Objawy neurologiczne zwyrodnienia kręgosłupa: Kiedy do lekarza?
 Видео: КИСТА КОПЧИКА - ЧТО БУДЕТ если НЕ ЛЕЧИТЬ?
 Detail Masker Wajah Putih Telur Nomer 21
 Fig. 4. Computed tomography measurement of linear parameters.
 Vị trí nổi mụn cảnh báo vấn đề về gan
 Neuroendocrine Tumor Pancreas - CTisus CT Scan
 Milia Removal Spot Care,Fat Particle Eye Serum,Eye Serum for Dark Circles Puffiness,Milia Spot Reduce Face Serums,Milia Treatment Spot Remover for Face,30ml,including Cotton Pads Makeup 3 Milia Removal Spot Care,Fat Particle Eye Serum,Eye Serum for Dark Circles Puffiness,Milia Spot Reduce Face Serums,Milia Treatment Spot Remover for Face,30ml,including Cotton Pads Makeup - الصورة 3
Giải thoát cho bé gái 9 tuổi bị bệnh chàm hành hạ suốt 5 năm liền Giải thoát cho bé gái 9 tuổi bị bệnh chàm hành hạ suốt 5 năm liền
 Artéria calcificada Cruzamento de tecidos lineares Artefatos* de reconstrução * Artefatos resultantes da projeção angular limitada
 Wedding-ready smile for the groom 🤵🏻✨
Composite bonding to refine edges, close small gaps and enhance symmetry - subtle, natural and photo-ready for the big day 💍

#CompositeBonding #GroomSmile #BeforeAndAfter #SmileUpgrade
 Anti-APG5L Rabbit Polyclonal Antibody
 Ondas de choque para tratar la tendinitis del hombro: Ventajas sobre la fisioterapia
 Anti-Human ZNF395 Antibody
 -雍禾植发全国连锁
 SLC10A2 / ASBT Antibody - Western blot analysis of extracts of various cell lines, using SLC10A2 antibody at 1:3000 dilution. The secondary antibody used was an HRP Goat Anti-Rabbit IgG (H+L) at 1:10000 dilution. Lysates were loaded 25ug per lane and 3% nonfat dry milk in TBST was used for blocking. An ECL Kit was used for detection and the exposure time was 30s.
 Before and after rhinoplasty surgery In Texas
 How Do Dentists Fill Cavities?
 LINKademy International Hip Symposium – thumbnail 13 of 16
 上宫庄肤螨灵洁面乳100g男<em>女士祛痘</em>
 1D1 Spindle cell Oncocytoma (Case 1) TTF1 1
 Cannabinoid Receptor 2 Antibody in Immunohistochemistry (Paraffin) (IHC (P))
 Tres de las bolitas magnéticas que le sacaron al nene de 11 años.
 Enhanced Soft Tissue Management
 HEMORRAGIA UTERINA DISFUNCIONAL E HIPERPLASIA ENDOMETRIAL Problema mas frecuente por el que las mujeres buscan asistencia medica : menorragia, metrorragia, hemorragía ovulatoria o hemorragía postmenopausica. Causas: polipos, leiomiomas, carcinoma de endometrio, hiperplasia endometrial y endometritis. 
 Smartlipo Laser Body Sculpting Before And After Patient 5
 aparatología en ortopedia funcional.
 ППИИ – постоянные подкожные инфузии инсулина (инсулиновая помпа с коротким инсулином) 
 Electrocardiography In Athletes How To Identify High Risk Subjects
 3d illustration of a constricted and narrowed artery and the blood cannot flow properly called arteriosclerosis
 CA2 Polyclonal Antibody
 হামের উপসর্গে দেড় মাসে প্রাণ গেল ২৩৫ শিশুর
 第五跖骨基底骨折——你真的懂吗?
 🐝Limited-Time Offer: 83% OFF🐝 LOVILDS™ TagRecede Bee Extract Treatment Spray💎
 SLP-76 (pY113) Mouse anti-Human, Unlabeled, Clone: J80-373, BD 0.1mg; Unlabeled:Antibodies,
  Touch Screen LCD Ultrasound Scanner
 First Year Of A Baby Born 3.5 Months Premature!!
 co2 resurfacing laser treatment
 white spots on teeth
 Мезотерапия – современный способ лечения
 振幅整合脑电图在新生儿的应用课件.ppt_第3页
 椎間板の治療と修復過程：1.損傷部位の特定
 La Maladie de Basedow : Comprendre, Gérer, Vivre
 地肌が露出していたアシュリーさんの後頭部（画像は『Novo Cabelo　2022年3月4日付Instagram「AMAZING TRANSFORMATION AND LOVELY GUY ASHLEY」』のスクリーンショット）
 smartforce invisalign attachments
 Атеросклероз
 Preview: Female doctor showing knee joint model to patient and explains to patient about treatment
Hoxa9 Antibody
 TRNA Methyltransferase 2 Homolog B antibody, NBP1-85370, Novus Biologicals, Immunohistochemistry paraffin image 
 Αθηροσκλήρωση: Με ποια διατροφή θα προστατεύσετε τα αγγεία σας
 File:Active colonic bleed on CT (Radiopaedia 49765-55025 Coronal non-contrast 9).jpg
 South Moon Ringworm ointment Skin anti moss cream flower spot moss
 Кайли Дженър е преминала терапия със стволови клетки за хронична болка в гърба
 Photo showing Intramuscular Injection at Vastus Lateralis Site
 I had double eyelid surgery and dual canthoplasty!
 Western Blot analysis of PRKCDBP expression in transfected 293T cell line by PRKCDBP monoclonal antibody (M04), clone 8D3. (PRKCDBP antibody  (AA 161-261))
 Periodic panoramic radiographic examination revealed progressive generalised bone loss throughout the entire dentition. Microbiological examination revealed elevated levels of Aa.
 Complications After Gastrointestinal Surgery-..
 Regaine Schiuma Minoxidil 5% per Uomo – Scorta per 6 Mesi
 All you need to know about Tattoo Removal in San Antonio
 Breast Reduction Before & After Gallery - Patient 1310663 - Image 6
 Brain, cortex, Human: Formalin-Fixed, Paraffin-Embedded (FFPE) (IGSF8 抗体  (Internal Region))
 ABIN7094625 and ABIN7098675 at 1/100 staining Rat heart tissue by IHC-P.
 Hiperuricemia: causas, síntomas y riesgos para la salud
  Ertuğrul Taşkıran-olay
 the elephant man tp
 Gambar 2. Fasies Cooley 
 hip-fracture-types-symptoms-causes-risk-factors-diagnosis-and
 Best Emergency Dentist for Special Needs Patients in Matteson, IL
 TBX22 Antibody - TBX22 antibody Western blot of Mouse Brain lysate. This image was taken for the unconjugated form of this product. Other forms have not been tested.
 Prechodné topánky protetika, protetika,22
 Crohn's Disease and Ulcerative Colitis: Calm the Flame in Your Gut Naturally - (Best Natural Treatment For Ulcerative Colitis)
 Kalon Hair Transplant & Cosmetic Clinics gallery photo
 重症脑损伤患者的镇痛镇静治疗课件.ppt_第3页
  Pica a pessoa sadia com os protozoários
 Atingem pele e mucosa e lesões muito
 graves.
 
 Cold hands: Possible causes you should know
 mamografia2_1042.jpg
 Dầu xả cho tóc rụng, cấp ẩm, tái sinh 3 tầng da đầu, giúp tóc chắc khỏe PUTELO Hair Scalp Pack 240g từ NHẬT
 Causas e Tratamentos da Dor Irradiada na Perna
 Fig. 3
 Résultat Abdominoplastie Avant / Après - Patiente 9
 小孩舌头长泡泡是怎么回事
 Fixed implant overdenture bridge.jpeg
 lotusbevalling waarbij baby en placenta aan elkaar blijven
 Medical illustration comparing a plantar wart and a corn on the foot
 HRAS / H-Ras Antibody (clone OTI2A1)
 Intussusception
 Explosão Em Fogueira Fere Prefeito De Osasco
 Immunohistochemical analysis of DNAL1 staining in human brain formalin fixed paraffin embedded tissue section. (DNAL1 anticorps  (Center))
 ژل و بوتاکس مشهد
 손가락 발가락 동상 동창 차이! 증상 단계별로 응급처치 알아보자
=-=-=-=-=
* _Exercise aim_
Where the string "know" appears in a line of the entries, that line counts; state the total number of such lines and nothing else.

* _Response for this exercise_
2